Ex-secretário de Lula nega que tenha recebido convite para novo governo: "Só se discute equipe depois que se define o ministro da Fazenda"

Eduardo Cucolo

Folha de S.Paulo

A herança de Jair Bolsonaro (PL) na área fiscal será um dos maiores desafios para o governo de Luiz Inácio Lula da Silva (PT). De um lado, o presidente eleito terá de encontrar espaço para cumprir promessas de campanha, sob risco de perda de popularidade e de governabilidade já no início de mandato. De outro, precisa passar aos mercados sinais de responsabilidade na gestão das contas públicas.

A situação é bem diferente da encontrada há 20 anos pelo economista Bernard Appy, que na época ocupou um dos cargos mais importantes no Ministério da Fazenda e hoje é visto como um dos nomes cotados para tocar uma reforma do sistema tributário no governo petista.

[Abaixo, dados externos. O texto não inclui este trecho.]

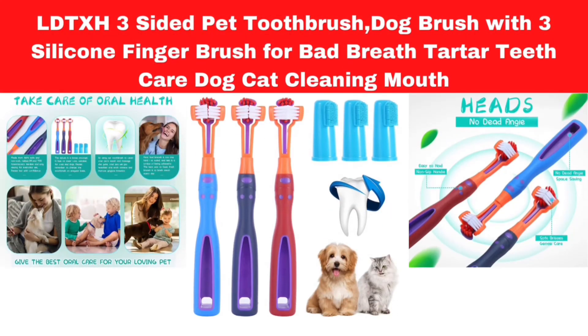Number 3. Eltex Three-Sided Pet Toothbrush. Dog brush with 3 silicone finger brushes for bad breath and tartar — teeth care, dog and cat cleaning mouth.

O economista Bernard Appy, diretor do CCiF (Centro de Cidadania Fiscal) - Reinaldo Canato-10.abr.2019/Folhapress

Em entrevista à Folha, Appy, que é diretor do CCiF (Centro de Cidadania Fiscal) e autor de uma das propostas de reforma tributária que estão no Congresso, afirma que verdadeira herança maldita é a que será deixada pela atual governo: medidas de aumento de despesa e redução de receitas com impacto de quase 4% do PIB (Produto Interno Bruto), cerca de R$ 350 bilhões. Também fala sobre especulações sobre cargo no novo governo.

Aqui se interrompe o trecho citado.